I'm contemplating making changes e.g., removing .html on all directory links. I'm a little afraid of what this change will do to my serp's (specifically on "G"). Do either of you think this change will have an adverse affect on them? Could you give me a few pointers on the best way to make these changes without screwing up my serp's? e.g., should I just strip the .html, or also do a 301 for the links I change?
Also, on another note, my site map is set up the same way with dir/index.html. Should I also change it to just dir/? Sorry to sound like such an idiot but this has really thrown me for loop.
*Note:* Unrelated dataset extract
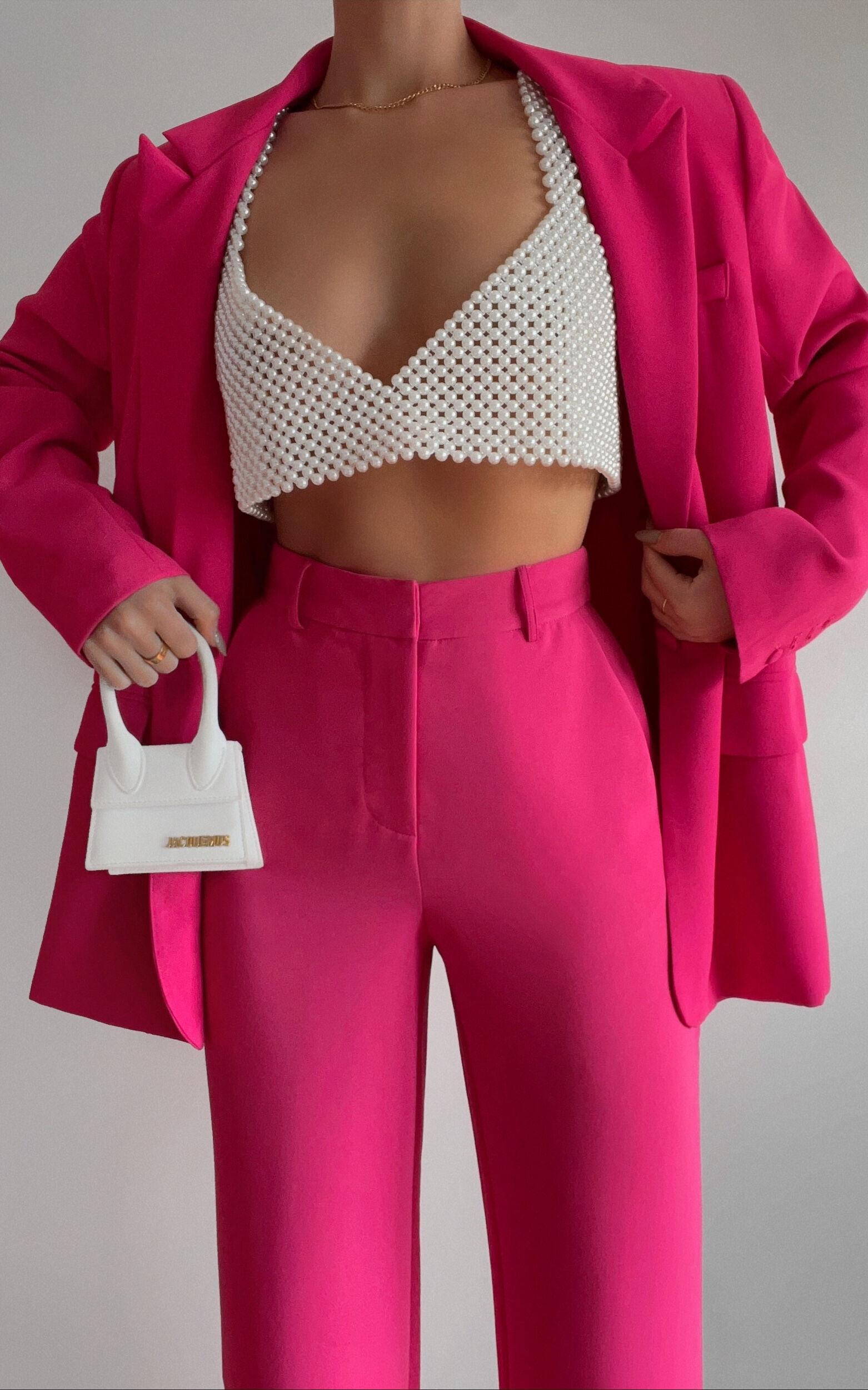 Bonnie Pants - High Waisted Tailored Wide Leg Pants in Pink Product Image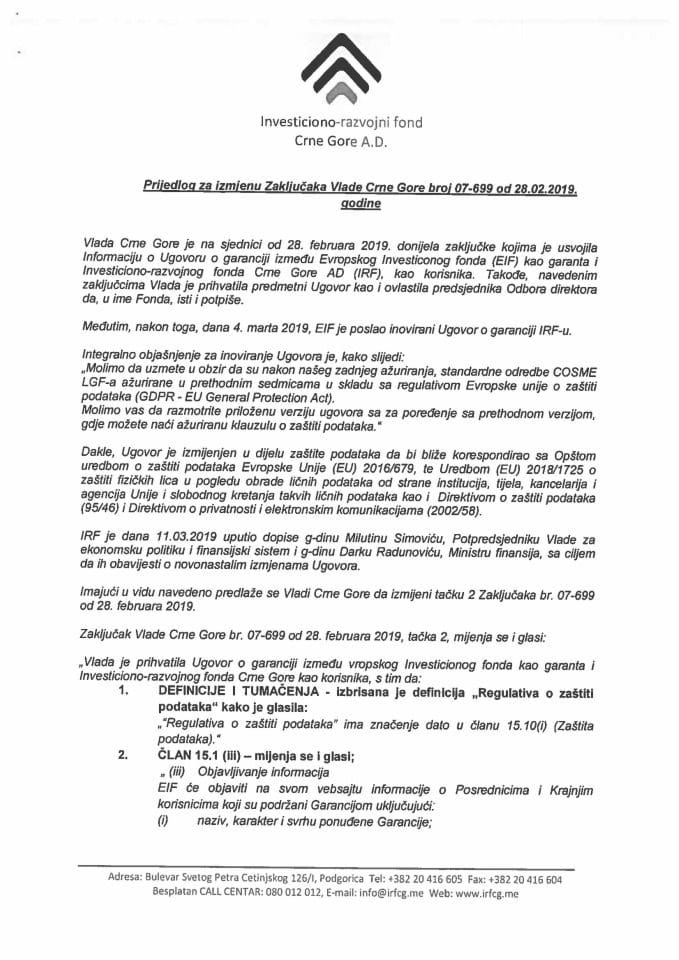 Предлог за измјену Закључка Владе Црне Горе, број: 07-699, од 28. фебруара 2019. године (без расправе)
Thanks again for the help.
Do a search here on WebmasterWorld (link at top of every page) for subjects such as "canonical domain", "canonical URL", "change /index to /" (or root), "duplicate content", and the similar phrases you'll find in these threads -- There are many threads on these subjects here, some of them very recent [webmasterworld.com], but older ones of value as well. The Library for each forum can be of help as well. Some forums also have a "hot topics" thread pinned at the top of their individual thread lists, and their Forum Charters may contain links to useful references.
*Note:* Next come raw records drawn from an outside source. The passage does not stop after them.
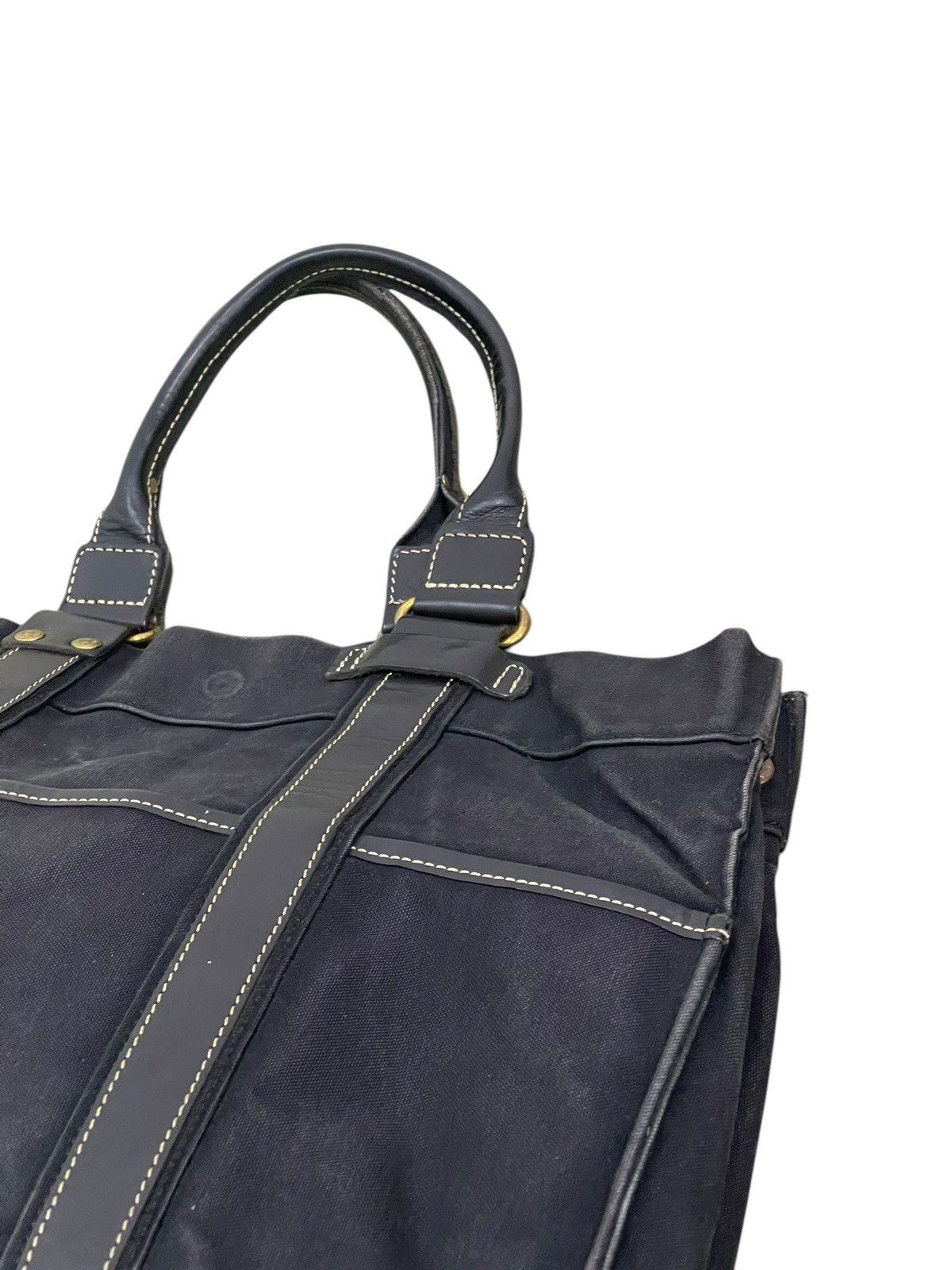 Genuine Leather Leather Cotton Duck Kinoshohampu Japan Faded Tote Bag 1🟩6 Size ONE SIZE - 9 Thumbnail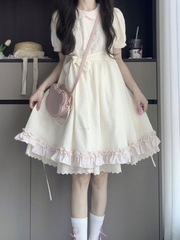 清純な乳の甘い泡の袖の子供の襟のワンピースの女性の夏の小さい背の初恋は王女の蓬のスカートを逃げます。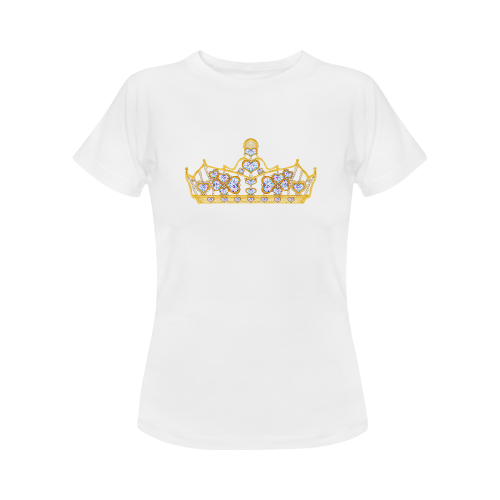 gold crown of heart diamonds and pearls tiara t-shirt tshirt Women's T-Shirt in USA Size (Front Printing Only)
Reviewing these resources will help you get up to speed on these issues, and allow an informed decision.
That said, if this were my site, I would start by changing "/xyz/index.html" links to "/xyz/" on a small percentage (say 10 to 20%) of your lowest-level pages, and adding specific redirects for each, working up toward the top of your site's structure. The idea is that changing the lower-level page URLs won't "hurt" as much if they lose ranking temporarily.
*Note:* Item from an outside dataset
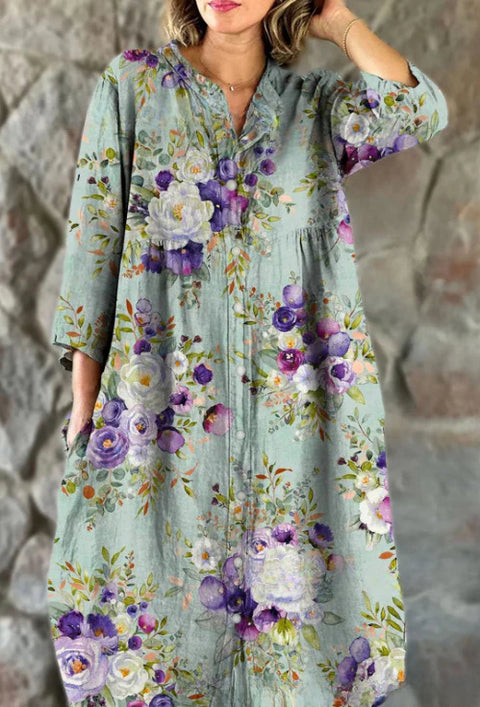 Robe chemise ample à col ras du cou et manches longues pour femme, imprimée, de qualité supérieure, m301050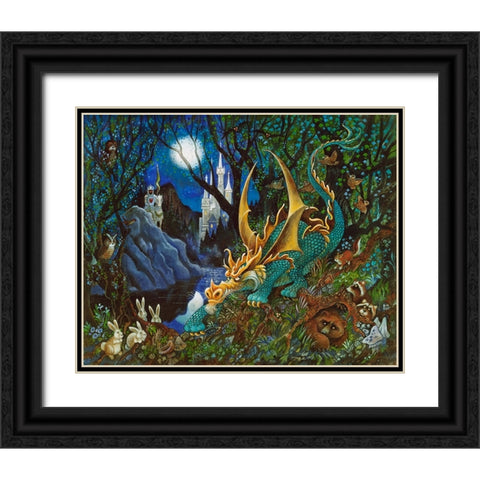 Moon Dragon Black Ornate Wood Framed Art Print with Double Matting by Bell, Bill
Once the URLs for the lowest-level pages have all been changed, re-indexed, and return to normal ranking, then work up to the next level. By the time you get to the top-level pages, the lower-level pages will then provide a solid linking foundation to "support" the changes on the higher-level page URLs and the home page.
After all URLs have been updated, you can replace the (probably numerous) individual and/or group redirect directives with a single site-wide index-to-slash redirect.
It is critical that these changes be implemented correctly. When creating 301 redirects, install and use the "Live HTTP Headers" add-on for Firefox/Mozilla to verify that your redirects return a proper 301-Moved Permanently redirect HTTP response header, and that any "error" in a requested URL is "corrected" with a single 301 redirect to the proper URL.
For example, if redirecting "www.example.com/xyz/index.html" to "www.example.com/xyz/", then a request for "example.com/xyz/index.html" (no 'www') should also be redirected to "www.example.com/xyz/" by the same single redirect -- correcting both the domain and the URL-path at the same time. Not only must your individual redirect directives be coded correctly, but they must be in the correct order to make this happen. Test, test, test, and then test again... :)
Jim
Your advice is very sound. I've already started to scour WW for the threads you mentioned. I think I will take a long term approach to this as my traffic/income is great right now and gathering all the info I need from WW threads will take time. Bottom up is a great idea, especially since I can track results in serps on some of those pages.
P.s. Any thoughts on what to do with my sitemap links? Should I try the same bottom to top fix on that too?
Thanks again for your help!